Why are we talking about self-image and the way you present yourself? Because you're a glasses-wearing loser with no interpersonal skills. Haha! What? Not funny?

Fine, sorry to hurt your precious ego. So let's get to the point. The point is that, as you are around and about promoting yourself, you need to realize that you are the product. No, no one's going to buy, sell or trade you (unless you're a professional athlete). How you present yourself is how others are going to remember your business or company. Ha! I knew there was moral to be salvaged from this rambling.

So, it's time to get down to brass tacks. Here's how to sell yourself using your buttons at big events. Let's go big!

Create Eye-Catching Designs

It all starts with an awesome, good-looking product. But you knew that already, didn't you, oh loyal reader?

Look, your buttons aren't going to make for good conversation pieces unless they're cool as ice (but not Vanilla Ice, please). You should also make sure that the quality of the product is solid. If it's falling apart or tearing a hole in your shirt, you might be exposed to an unintentional form of self-promotion (get it?).

Wear Your Buttons

This one's a no-brainer. The most basic way to self-promote with buttons is to actually wear them. It shows that you actually stand behind your own business and services or products. But don't literally stand behind your place of business or products. If you did that, no one would be able to see you. And we're also concerned for your mental health.

"Why didn't John show up at the big event?"

"He was standing behind his business."

Heh heh heh. I crack me up. So, as easy as it is, unless you actually meet people and talk with them long enough for them to stare at your chest swag, this tactic is going to be about as useful as a handbrake on a paddling canoe. Don't be pushy or sleazy, but don't be afraid to mount the conversation like a stallion (I have no idea what that means) and ask leading questions too. The person asking questions is always in control of the conversation.

Give Away Your Buttons

People love free stuff, regardless of what it is (okay, a used diaper isn't particularly appealing or useful). They'll decide whether or not to hold onto it later. While they're at a big event, they're in collect mode, and they will take just about anything and everything you hand to them.

Instead of taking aim and sniping people in the head with your buttons, here too, it's important to develop personal contact and relationship.

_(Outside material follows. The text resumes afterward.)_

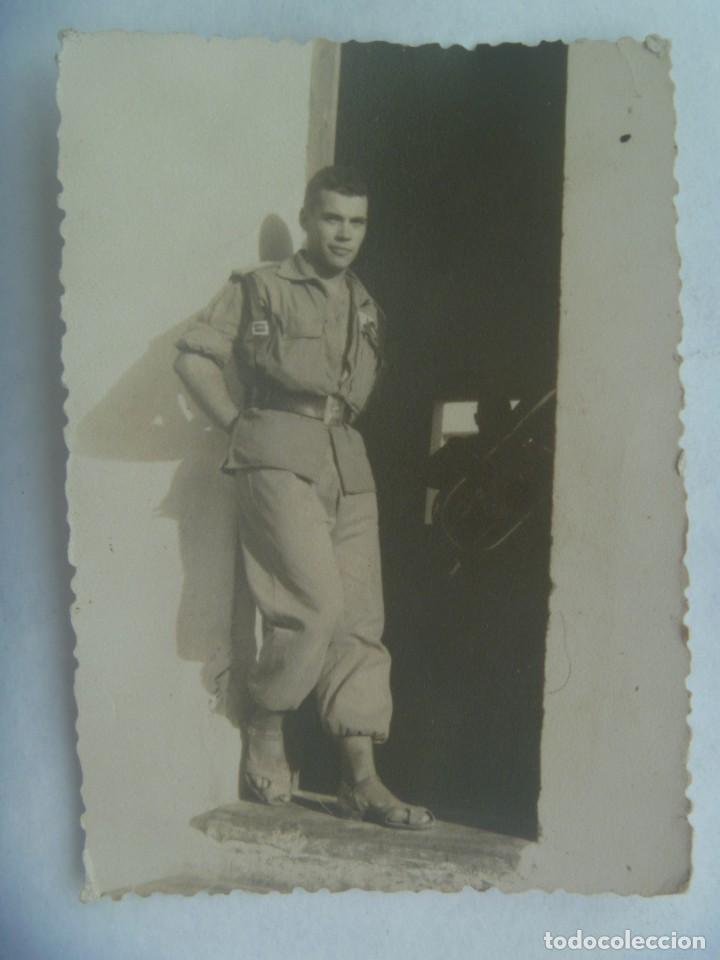 Fotograf&iacute;a antigua: LA LEGION : FOTO DE LEGIONARIO CON SANDALIAS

Yeah, you might have a few opportunities to throw some in the crowd, but what people are going to remember is how you flirted made the effort to connect with them. So think of it more as a business card than free merch.

Sell Your Buttons

So it may seem like we're treading a lot of obvious territory here, but cool buttons are sure to be picked up by people who like what you have to say, what you represent or what you have to offer. Selling stuff puts money back in your pocket, too. Cool, right?

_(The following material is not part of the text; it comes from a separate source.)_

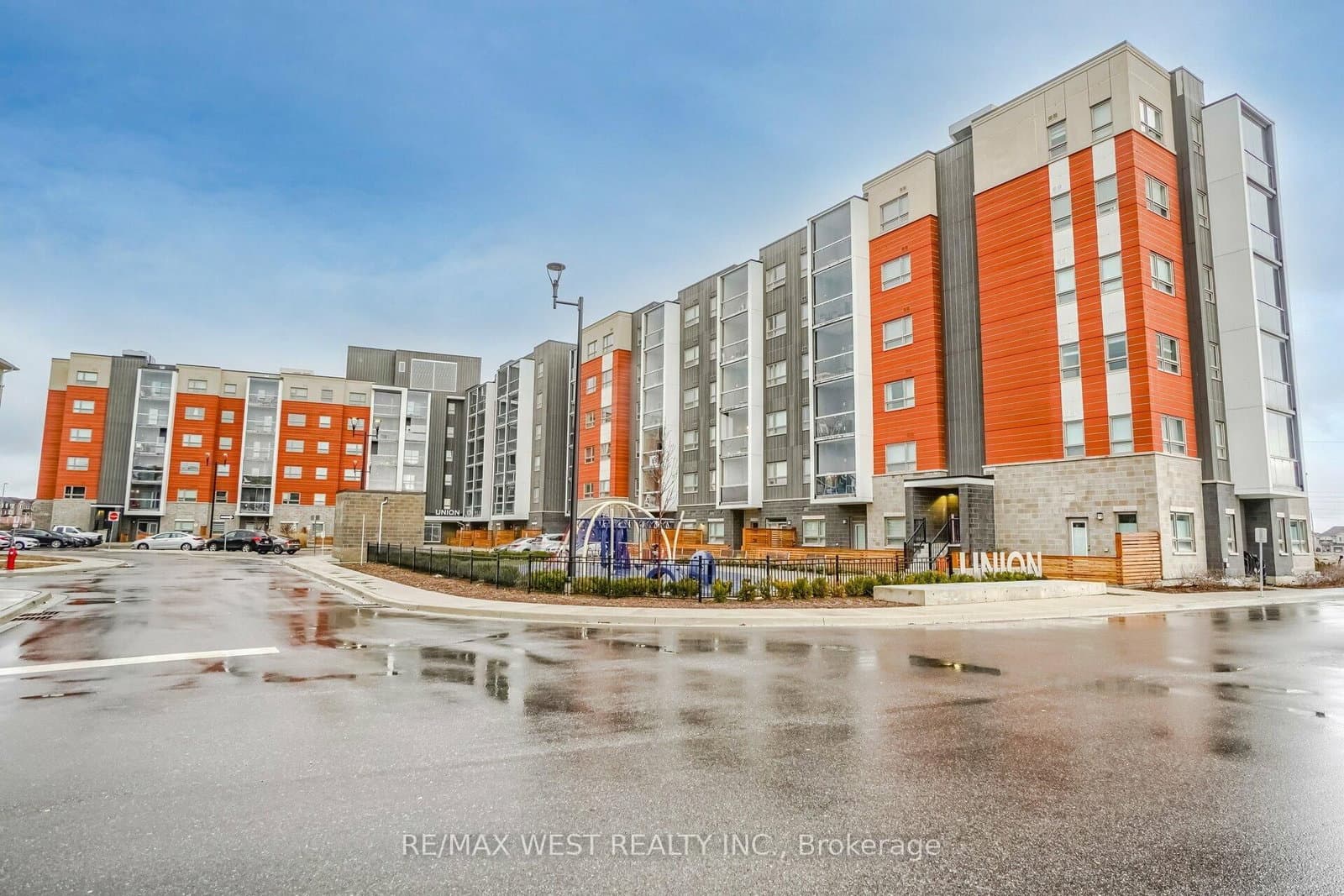 200 Lagerfeld Drive, Unit 613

But really the best part is when your customers become walking and talking advertisements for you. When they wear your stuff, more people are going to see it. When they talk about the positive experience they had with you (you are serving your customers well, aren't you?), more Lemmings people are going to want to check you out, and not just your svelte figure or chiseled butt either. Buns o' steel!


Big events can feel intimidating, like everyone is on their own and out for themselves. That might be true to a degree, but if you can strike up some meaningful partnerships with others who are there to do the same as you (promote themselves, not scope out the opposite gender) there could be added value to both sides.

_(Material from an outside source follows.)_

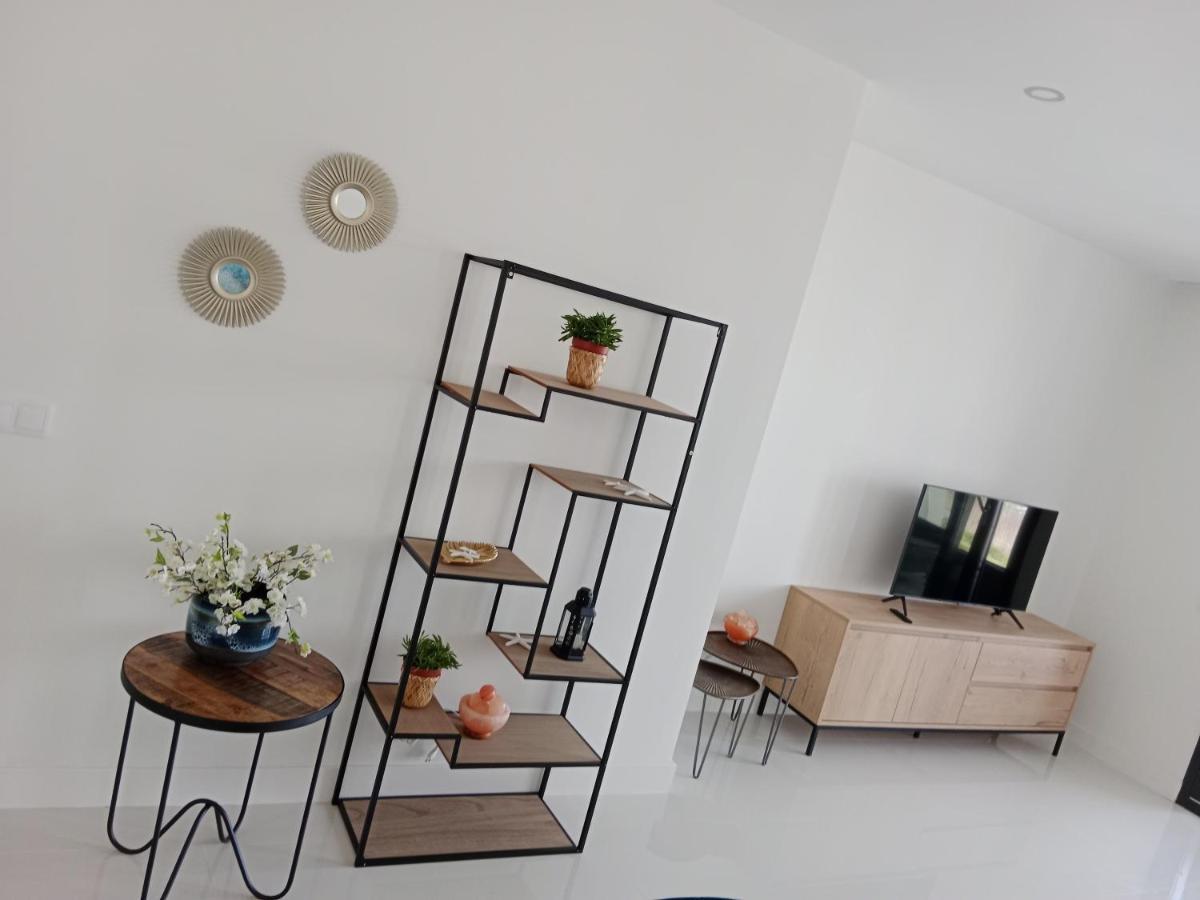 La Paloma Beach Apartment With Pool By Casa Del Sol Hr Manilva Exterior foto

It's like Batman & Robin. One is cool, and the other's just a colorful sidekick. So partner up with the Robins of this world and make like a Batman.

But seriously, figure out how you can make some allies and come up with ideas that work (wear each other's buttons, etc.).

VIP Room

If you've got a spacious booth or promotional tent, why not make a VIP room for your guests? The cost of entry? A button. Just make sure the special room delivers everyone's deepest desires. Make the VIP room experience one to remember, and your guests won't want to take those buttons off for the remainder of the event (see note about walking advertisements).

This is very similar to building an "exclusive club", which might be another angle to explore. If you can make others feel like they're a part of a special movement (and there's a cost of entry or referral system), more people will want to join in on the fun.